Este notebook realiza:
- Exploração dos dados
- Pré-processamento (tabular e texto)
- Construção de três modelos:
    1. Apenas dados tabulares
    2. Apenas dados textuais
    3. Combinação tabular + texto
- Avaliação dos modelos com métricas
- Visualizações e análise das palavras mais importantes


In [None]:
import pandas as pd
import numpy as np
import re
import matplotlib.pyplot as plt
import seaborn as sns
from sklearn.model_selection import train_test_split
from sklearn.preprocessing import StandardScaler
from sklearn.feature_extraction.text import TfidfVectorizer
from sklearn.linear_model import LogisticRegression
from sklearn.metrics import accuracy_score, precision_score, recall_score, f1_score
from sklearn.compose import ColumnTransformer
from sklearn.pipeline import Pipeline
from sklearn.preprocessing import OneHotEncoder
from sklearn.impute import SimpleImputer
from sklearn.ensemble import RandomForestClassifier
from scipy.sparse import hstack


In [None]:
# Carregar dataset
file_path = 'airlines_reviews.csv'
df = pd.read_csv(file_path)
df.head()


In [None]:
# Pré-processamento
# Converter variável alvo
print(df.columns)
df['Recommended'] = df['Recommended'].map({'yes': 1, 'no': 0})

# Selecionar colunas
text_col = 'Reviews'
tabular_cols = ['Airline','Type of Traveller','Month Flown','Route','Class','Seat Comfort','Staff Service','Food & Beverages','Inflight Entertainment','Value For Money','Overall Rating']

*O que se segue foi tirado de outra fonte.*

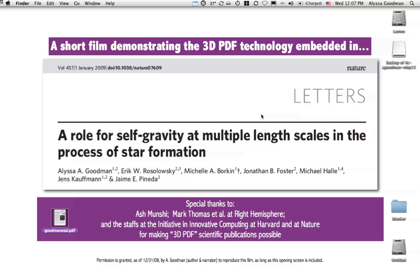Hi. We thought we'd make this little movie to show you some of the key features available when you use 3D PDF technology in publishing.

X_text = df[text_col].astype(str)
X_tabular = df[tabular_cols]
y = df['Recommended']

# Divisão treino/teste
X_tab_train, X_tab_test, X_text_train, X_text_test, y_train, y_test = train_test_split(X_tabular, X_text, y, test_size=0.2, random_state=42)


In [None]:
# Pipeline para dados tabulares
numeric_features = ['Seat Comfort','Staff Service','Food & Beverages','Inflight Entertainment','Value For Money','Overall Rating']
categorical_features = ['Airline','Type of Traveller','Month Flown','Route','Class']

numeric_transformer = Pipeline(steps=[('imputer', SimpleImputer(strategy='median')),('scaler', StandardScaler())])
categorical_transformer = Pipeline(steps=[('imputer', SimpleImputer(strategy='most_frequent')),('onehot', OneHotEncoder(handle_unknown='ignore'))])

preprocessor = ColumnTransformer(transformers=[('num', numeric_transformer, numeric_features),('cat', categorical_transformer, categorical_features)])

model_tabular = Pipeline(steps=[('preprocessor', preprocessor),('classifier', RandomForestClassifier(random_state=42))])
model_tabular.fit(X_tab_train, y_train)
y_pred_tab = model_tabular.predict(X_tab_test)

print('Accuracy:', accuracy_score(y_test, y_pred_tab))
print('F1:', f1_score(y_test, y_pred_tab))


In [None]:
# Modelo texto
vectorizer = TfidfVectorizer(max_features=5000, stop_words='english')
X_text_train_vec = vectorizer.fit_transform(X_text_train)
X_text_test_vec = vectorizer.transform(X_text_test)

model_text = LogisticRegression(max_iter=1000)
model_text.fit(X_text_train_vec, y_train)
y_pred_text = model_text.predict(X_text_test_vec)

print('Accuracy:', accuracy_score(y_test, y_pred_text))
print('F1:', f1_score(y_test, y_pred_text))

# Top palavras
feature_names = np.array(vectorizer.get_feature_names_out())
coef = model_text.coef_[0]
print('Top recomenda:', feature_names[np.argsort(coef)[-20:]])
print('Top não recomenda:', feature_names[np.argsort(coef)[:20]])


In [None]:
# Combinação tabular + texto
X_tab_train_proc = preprocessor.fit_transform(X_tab_train)
X_tab_test_proc = preprocessor.transform(X_tab_test)
X_comb_train = hstack([X_tab_train_proc, X_text_train_vec])
X_comb_test = hstack([X_tab_test_proc, X_text_test_vec])

model_comb = LogisticRegression(max_iter=1000)
model_comb.fit(X_comb_train, y_train)
y_pred_comb = model_comb.predict(X_comb_test)

print('Accuracy:', accuracy_score(y_test, y_pred_comb))
print('F1:', f1_score(y_test, y_pred_comb))